START RECORDS SHOWN

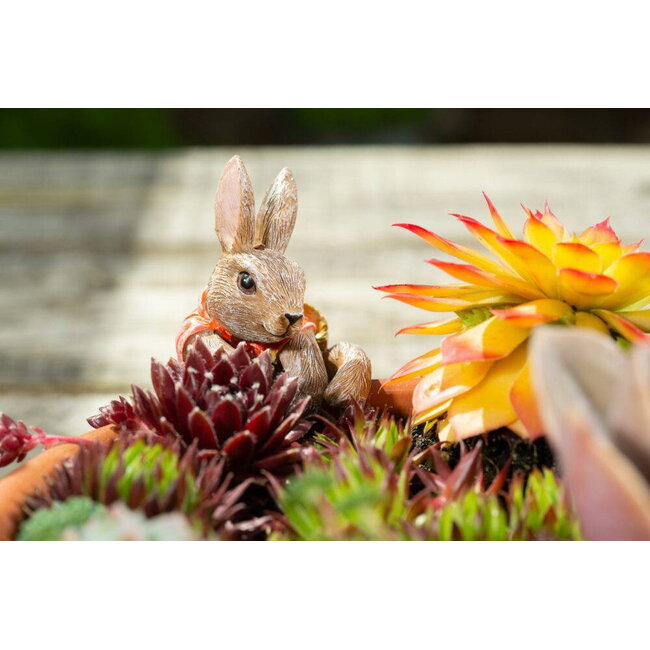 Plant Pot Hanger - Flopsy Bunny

END RECORDS SHOWN
START RECORDS SHOWN

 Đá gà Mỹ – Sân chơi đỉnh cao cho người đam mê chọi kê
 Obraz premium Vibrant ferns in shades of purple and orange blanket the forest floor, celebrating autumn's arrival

END RECORDS SHOWN

§ GOAL OF THE EXERCISE:
Retype the records above, but only those lines that fall between the line containing "Đá gà Mỹ – Sân" and the line containing "Obraz premium Vibrant", with both of those lines included, exactly as written.

§ SOLUTION FOR THIS PROBLEM:
 Đá gà Mỹ – Sân chơi đỉnh cao cho người đam mê chọi kê
 Obraz premium Vibrant ferns in shades of purple and orange blanket the forest floor, celebrating autumn's arrival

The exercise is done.